JSON Configuration File - noetl/noetl GitHub Wiki

Proposed logic and format of JSON config file to support forks that will run steps in parallel.

The new layout of the JSON configuration file will support jobs, tasks, steps, and cursors. Take a pipeline, for example, to be a job. There might be multiple pipelines to run, each for different projects, so these will be different jobs that will execute in a certain sequence. Each pipeline job is made up of a sequence of tasks, which serve as a component in step control. Tasks contain a group of steps, all of which are ordered in either the same or different sequences. The starting steps to each of the sequences is listed under a task's TASK_FORK, which indicates the sequences the task should execute in parallel, and where to begin each sequence. On the level below steps is the cursor, which is a sequence, such as a range of dates or a set of regions. The step needs to run for each element in the cursor set.

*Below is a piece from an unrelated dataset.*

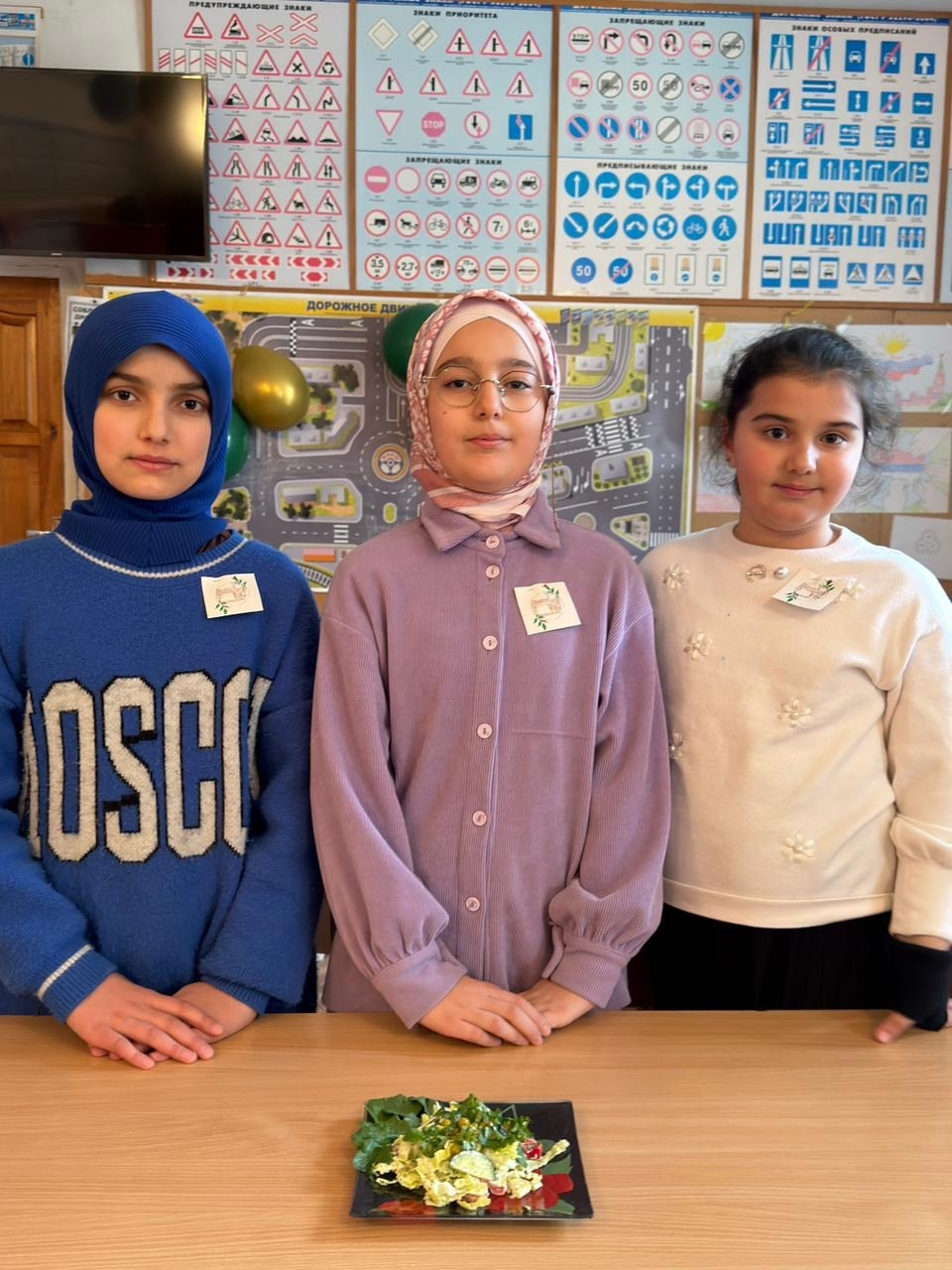 А ну-ка, девочки.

The figure below shows the flow of execution for a single job.

Levels of Interaction:

  • Jobs: Jobs are the highest level in the hierarchy of executions in the program. Tasks, steps, and cursors are all building blocks to create jobs. Each job has a separate configuration file. Only one job can execute at a time, and a job contains a sequence of tasks.
  • Tasks: Tasks are the master control of steps. Each task can either start with a single step, or a "fork", which is an array of steps (each of which is the starting point of it's respective sequence of steps) to run in parallel. Each task is a container for related steps, which may fork and merge within the task, ultimately being joined at the end of the task. The task has a "next" field which references the next task in the sequence in the event of a success or a failure of the current task. The next task is called after the current list of steps has been forked and merged together after all their sequences have completed. The current task points to the next task as a means of directing the program to the next appropriate task after the task has completed. The first task is always "start" and the last task is always "exit".
  • Branches: Branches are an entity that is specific to NOETL3. It is a way of grouping steps, and controlling forks and merges. Branches group sequences of steps, and keep track of the current step, as well as the last step in the branch and step failures. The figure to the right shows the new structure of the green branch after a failure at Step 3. Step 3's nextFail is Step3a. Step3a and it's next step (Step3b) are added to the branch. Step3a is set as the branch's current step, so when the branch runs again, it executes the failure portion of the branch before returning to the original steps in the branch.
  • Steps: Steps can fork other steps, merge steps, or simply reference the next step in the sequence. Each step has a command list to execute, upon which the success or failure of the step depends. The last step in each sequence will point "exit".
    • Success/Failure Logic for Steps: (Figure 2 and Figure 3 demonstrate an example of the Success/Failure logic)
      • If a step is successful, the following step in the sequence under SUCCESS is executed. If the step is the last in it's sequence, the SUCCESS field in the configuration file should be left empty, indicating that the sequence has successfully completed. The step sequence will be marked as a success, and the program will wait for the other sequences running in parallel to end.
      • Under FAILURE, each step has MAX_FAILURES and NEXT_STEP fields. If a step fails, it will continue calling itself while the number of failures < MAX_FAILURES.
        • Once the step has hit the number of MAX_FAILURES, it is redirected to the NEXT_STEP under FAILURES.
          • NEXT_STEP can point to another step in the sequence (indicating that the step isn't integral to the completion of the step sequence in the task). In this case, the step sequence will continue, and the sequence won't be marked as failed. However, if another step in the sequence fails and directs the program to the "failure step" (discussed in the bullet point below), NoETL should perform a traceback, and restart the program at the 1st step that failed in the sequence after the error has been corrected.
          • NEXT_STEP can also direct the program to a "failure step". This "failure step" handles where to go in the case of a failure. It halts it's sequence at the current step, and the step is marked as failed, and the program waits until the step sequences running in parallel have completed. The program is then directed to the appropriate "failure task", which, in turn, directs the program to an exit, or it opens up an error/bug correcting page.
        • One of the core aspects of NoETL's functionality is task management, especially in the case of a failure. Rather than having to run each task manually, and start the entire program over each time a step fails, the goal is to be able to take a snapshot of the configuration when the program hits a failure. Both the task that failed, and the individual step that caused the task to fail, are marked by NoETL, so it knows where to pick up. When all the step sequences end, the program indicates that it's encountered a failure, and brings up logs and other resources to help error correct. When the program runs again, the "start" task will direct the program to start at the failed task, and the TASK_FORK (list of the steps which start the step sequence) under the task will remove any successful sequences, and will contain the step that failed in each of the sequences.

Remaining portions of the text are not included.